Quoth the Peanut Gallery

This week in Liverpool, Simon Reynolds and Mark Fisher were going to be discussing, in propria persona, the lineage & evolution of British rave music. Not that I particularly cared (no offense intended), since I only dance when shot at, and to my ears bassline sounds like Paul Oakenfold eating a Twinkie wrapped in bacon, then farting through a Vocoder.

Zing! Juvenile derision & anomie are abound tonight!
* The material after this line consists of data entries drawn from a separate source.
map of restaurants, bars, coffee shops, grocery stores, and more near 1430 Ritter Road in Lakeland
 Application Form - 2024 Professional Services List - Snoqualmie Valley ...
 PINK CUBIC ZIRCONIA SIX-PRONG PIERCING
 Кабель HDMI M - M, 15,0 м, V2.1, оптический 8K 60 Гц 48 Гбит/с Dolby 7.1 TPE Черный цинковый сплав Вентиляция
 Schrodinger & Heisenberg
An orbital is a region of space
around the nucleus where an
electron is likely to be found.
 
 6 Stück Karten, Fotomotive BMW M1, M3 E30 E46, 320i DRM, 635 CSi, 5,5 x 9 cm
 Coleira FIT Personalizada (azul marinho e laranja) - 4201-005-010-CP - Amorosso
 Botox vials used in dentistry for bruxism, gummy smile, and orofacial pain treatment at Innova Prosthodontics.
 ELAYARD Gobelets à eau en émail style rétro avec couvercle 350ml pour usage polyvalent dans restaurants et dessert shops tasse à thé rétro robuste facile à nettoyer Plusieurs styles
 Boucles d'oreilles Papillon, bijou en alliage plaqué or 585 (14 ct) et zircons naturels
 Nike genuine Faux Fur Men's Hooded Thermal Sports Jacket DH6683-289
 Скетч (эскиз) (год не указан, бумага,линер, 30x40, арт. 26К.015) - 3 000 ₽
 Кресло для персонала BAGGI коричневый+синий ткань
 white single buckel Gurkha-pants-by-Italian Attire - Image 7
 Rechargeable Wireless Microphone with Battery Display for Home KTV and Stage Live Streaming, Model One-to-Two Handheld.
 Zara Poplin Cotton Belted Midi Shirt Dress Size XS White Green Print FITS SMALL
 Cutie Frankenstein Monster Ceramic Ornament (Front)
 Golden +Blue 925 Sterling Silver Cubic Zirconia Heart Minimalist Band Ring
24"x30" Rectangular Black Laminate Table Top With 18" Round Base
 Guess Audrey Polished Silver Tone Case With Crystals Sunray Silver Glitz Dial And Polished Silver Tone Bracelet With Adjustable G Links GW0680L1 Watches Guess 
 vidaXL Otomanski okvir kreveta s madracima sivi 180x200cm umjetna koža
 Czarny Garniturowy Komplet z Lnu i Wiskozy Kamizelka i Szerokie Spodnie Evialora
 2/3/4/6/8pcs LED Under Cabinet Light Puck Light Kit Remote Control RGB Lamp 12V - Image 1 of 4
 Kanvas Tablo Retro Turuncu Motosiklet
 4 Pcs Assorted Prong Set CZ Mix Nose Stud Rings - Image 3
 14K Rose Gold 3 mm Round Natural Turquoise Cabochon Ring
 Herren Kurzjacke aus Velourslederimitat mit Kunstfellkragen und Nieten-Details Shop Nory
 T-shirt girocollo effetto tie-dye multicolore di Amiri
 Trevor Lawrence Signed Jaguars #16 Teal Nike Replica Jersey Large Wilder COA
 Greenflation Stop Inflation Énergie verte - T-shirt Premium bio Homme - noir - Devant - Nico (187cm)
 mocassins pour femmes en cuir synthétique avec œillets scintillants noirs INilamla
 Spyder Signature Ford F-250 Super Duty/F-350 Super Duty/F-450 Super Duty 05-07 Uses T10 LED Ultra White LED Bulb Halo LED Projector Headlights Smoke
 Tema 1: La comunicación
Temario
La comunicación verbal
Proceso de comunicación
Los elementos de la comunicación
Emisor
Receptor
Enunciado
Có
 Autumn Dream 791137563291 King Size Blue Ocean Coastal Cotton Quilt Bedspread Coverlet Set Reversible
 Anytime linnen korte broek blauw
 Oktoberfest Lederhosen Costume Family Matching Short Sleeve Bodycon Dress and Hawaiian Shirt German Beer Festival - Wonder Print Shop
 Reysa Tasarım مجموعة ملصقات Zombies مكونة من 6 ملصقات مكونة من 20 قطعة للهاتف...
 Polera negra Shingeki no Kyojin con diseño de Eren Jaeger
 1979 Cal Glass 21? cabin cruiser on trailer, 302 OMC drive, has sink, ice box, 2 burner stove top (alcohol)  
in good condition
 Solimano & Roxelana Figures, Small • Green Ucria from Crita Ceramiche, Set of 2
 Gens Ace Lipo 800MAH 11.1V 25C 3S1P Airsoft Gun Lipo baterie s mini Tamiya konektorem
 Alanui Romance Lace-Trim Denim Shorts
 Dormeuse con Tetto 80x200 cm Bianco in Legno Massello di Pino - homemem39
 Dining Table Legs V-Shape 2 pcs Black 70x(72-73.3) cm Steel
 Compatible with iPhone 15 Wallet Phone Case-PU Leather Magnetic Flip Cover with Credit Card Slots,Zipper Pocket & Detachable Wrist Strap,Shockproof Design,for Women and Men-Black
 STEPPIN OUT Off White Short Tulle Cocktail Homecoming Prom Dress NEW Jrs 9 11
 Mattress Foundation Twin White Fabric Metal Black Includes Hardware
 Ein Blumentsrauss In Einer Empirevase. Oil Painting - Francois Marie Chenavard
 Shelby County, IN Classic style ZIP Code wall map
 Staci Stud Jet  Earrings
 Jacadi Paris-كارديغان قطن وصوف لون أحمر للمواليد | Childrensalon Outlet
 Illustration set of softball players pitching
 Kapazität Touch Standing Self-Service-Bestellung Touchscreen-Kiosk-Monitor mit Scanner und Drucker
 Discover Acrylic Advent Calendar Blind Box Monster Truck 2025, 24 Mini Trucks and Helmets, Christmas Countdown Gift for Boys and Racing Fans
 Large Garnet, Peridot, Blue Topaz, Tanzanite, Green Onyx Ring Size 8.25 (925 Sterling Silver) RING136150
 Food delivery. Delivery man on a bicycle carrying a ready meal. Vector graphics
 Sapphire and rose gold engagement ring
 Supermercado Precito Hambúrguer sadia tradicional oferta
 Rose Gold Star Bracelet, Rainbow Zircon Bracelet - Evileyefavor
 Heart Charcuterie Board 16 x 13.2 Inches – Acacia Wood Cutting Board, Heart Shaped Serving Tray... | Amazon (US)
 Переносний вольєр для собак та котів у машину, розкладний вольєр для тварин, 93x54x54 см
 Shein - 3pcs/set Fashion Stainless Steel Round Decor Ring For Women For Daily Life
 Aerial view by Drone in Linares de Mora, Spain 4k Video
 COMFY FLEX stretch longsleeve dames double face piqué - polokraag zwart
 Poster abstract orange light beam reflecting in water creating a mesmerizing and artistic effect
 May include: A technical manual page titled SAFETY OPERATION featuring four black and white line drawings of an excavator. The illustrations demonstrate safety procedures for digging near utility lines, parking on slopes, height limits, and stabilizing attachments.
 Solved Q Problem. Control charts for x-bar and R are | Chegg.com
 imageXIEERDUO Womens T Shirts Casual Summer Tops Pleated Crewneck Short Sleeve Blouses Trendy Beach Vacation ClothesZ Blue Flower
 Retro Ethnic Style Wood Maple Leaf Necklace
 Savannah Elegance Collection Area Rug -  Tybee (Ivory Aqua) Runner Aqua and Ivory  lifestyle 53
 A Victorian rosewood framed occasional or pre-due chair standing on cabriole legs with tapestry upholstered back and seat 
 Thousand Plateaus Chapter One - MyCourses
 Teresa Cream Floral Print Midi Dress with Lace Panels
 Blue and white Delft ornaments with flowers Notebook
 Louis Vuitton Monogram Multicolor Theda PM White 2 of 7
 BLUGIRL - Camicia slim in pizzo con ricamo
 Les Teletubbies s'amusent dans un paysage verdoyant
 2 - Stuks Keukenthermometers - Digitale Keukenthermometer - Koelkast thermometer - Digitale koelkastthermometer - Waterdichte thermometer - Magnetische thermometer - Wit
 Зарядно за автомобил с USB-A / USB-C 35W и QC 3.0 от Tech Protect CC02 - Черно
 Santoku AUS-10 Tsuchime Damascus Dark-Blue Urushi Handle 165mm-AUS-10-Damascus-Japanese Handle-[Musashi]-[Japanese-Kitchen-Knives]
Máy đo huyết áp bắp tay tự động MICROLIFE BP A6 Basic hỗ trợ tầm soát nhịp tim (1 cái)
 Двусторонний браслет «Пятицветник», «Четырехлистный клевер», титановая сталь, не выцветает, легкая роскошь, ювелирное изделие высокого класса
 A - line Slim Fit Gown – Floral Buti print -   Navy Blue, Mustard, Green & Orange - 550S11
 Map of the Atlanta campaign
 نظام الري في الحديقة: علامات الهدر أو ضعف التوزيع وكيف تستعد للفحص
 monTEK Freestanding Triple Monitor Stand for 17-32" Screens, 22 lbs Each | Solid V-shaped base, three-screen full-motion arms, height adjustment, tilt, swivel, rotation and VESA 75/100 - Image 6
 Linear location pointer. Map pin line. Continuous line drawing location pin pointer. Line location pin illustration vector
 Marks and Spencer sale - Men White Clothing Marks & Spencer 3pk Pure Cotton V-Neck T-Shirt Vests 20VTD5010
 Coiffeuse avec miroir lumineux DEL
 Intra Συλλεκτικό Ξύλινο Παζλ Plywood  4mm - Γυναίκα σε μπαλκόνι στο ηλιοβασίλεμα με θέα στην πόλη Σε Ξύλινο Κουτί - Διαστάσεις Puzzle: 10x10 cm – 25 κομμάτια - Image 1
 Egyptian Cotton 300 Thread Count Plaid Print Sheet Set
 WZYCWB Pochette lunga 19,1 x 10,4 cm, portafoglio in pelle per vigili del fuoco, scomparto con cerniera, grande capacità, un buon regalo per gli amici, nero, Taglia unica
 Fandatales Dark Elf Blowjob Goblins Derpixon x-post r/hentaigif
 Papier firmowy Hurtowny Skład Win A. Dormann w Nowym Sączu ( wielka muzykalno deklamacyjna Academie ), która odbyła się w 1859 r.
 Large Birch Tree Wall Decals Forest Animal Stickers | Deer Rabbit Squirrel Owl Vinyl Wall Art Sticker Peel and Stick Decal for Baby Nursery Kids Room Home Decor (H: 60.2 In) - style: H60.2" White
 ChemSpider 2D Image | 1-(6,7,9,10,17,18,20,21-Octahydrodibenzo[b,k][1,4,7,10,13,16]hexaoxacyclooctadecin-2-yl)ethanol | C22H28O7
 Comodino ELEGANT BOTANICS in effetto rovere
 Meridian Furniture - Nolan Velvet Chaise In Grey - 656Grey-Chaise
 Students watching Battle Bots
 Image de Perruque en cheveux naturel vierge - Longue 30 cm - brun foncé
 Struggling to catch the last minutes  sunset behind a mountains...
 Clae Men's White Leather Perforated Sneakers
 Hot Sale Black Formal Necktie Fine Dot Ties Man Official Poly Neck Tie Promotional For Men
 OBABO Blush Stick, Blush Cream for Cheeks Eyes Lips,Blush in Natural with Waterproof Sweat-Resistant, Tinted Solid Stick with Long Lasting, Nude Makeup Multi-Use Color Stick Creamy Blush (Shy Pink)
The point is this: sirs Reynolds contends that
These early sounds – bleep tunes from the North East, breakbeat house and ragga techno from London – were the first time that the UK came up with its own unique mutant versions of House and Techno (ironically by adding elements from dub reggae, dancehall, and hiphop that weren’t British in origin, but equally would never have been let into the mix back in Chicago and Detroit).
Fisher goes on to list of some perennial properties of this new (circa '90), innately British subgenre: "heavy synthetic bass, breakbeats, MC chat, film and videogame samples."

Hmmm... something "hardcore" that includes heavy synthetic bass, breakbeats, film samples - but couldn't possibly be rooted in Chicago house music? Okay, I'll see your chemically-crutched technicolour blipfest and raise you Al Jourgensen.



I know, I know, apples and oranges - or rather, ecstasy and heroin. Ah, but then, in such terms: which would narcotic omniathlete Gibby Haynes pick?



I rest my case. Foghat, motherfucker!